Entre Candás y Gijón, en uno de los tramos más singulares de la costa asturiana, permanece un lugar que parece detenido en el tiempo. Es Perlora, un enorme complejo vacacional que llegó a convertirse en uno de los grandes referentes del turismo social en España y que hoy sobrevive como un sorprendente conjunto de edificios frente al mar. Ahora tendrá una segunda oportunidad.
El recinto reúne 274 construcciones repartidas por unas 20 hectáreas, en un enclave privilegiado junto al Cantábrico. Durante décadas, este particular núcleo residencial fue mucho más que un lugar donde pasar unos días de vacaciones: funcionaba como una pequeña ciudad pensada para que miles de trabajadores y sus familias pudieran disfrutar del verano a precios asequibles.
¡La fantástica costa asturiana! Perlora desde el Mirador de la Formiga en Carreño https://t.co/6D4MPkxFYF #Asturias pic.twitter.com/2VOQBpaqrq
— TurismoAsturias (@TurismoAsturias) November 16, 2015
La historia de Perlora se remonta a 1954, cuando la Obra Sindical de Educación y Descanso puso en marcha el proyecto con una idea muy concreta: acercar el ocio y el descanso a las familias trabajadoras. En aquellos años, viajar durante las vacaciones seguía estando fuera del alcance de buena parte de la población, por lo que iniciativas de este tipo adquirieron una enorme importancia. Empresas como Hunosa, Ensidesa o Renfe llegaron a enviar allí a sus trabajadores durante la temporada estival.
El proyecto alcanzó unas dimensiones considerables. En sus mejores años, Perlora podía recibir aproximadamente 2.000 personas en cada turno de vacaciones. Para atenderlas, el complejo disponía de todo lo necesario para funcionar casi de manera independiente: alojamientos, comedores, instalaciones deportivas, espacios destinados a los niños, servicios sanitarios, comercios e incluso una iglesia.

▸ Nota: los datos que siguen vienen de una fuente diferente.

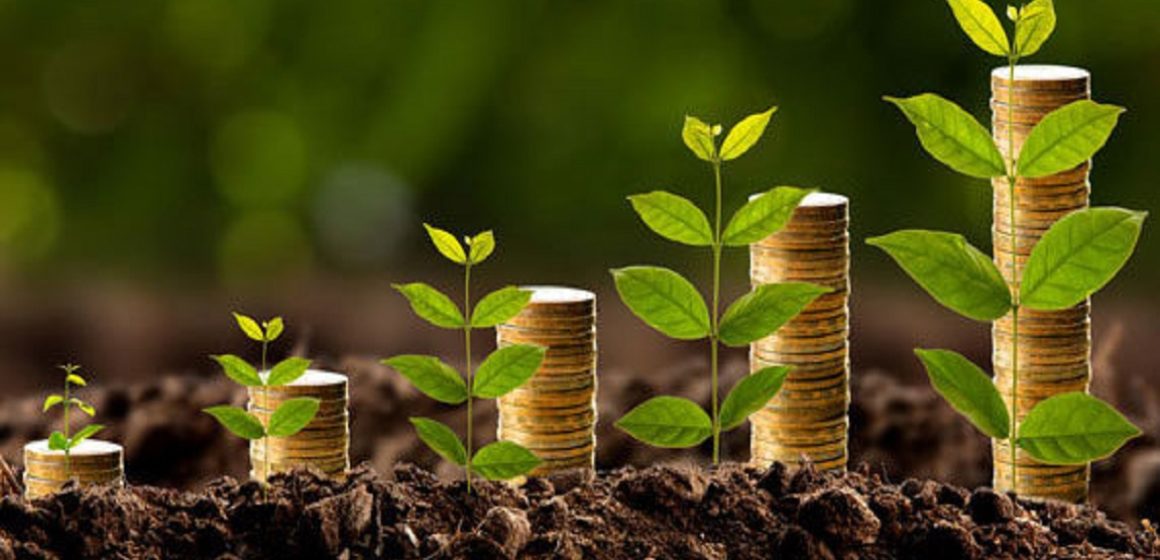 Bioeconomia: Moda ou Mudança? – Por João Arroyo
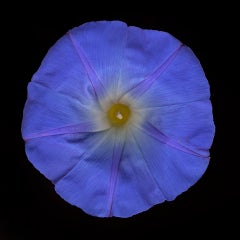 Chad Kleitsch - Flower 36 (Black Series), Photography 2003, Printed After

Pero Perlora no destacaba únicamente por su tamaño. Su arquitectura también convirtió al conjunto en un lugar especialmente reconocible. Los hermanos Francisco y Federico Somolinos participaron en el diseño de unas edificaciones que buscaban combinar la arquitectura moderna con elementos propios de la tradición asturiana. El resultado fue una singular ciudad jardín junto al mar, con edificios y viviendas integrados en un entorno marcado por la vegetación y el paisaje costero.
El paso del tiempo, sin embargo, terminó cambiando por completo su aspecto. En 1982, la gestión del complejo pasó al Principado de Asturias y comenzó una etapa marcada por el progresivo deterioro, la falta de inversiones y distintos intentos de encontrar una nueva utilidad para las instalaciones. Las formas de viajar también habían cambiado y aquel modelo de turismo social perdió buena parte de su sentido original.
Finalmente, en 2006, Perlora dejó de funcionar como ciudad vacacional. Desde entonces, numerosas viviendas e instalaciones han permanecido cerradas, mientras el paso de los años ha dejado una huella cada vez más evidente en el recinto.
Ahora, casi dos décadas después, Perlora vuelve a estar en el punto de mira. Su enorme extensión, sus 274 construcciones y, sobre todo, su ubicación junto a playas, acantilados y tramos de costa prácticamente salvaje convierten al complejo en un enclave con un enorme potencial.
El desafío pasa por encontrar una nueva vida para Perlora sin borrar aquello que la hizo especial. La recuperación del recinto permitiría devolver la actividad a un lugar que durante generaciones estuvo asociado a las vacaciones de miles de españoles, pero también conservar uno de los conjuntos arquitectónicos y paisajísticos más peculiares de la costa asturiana.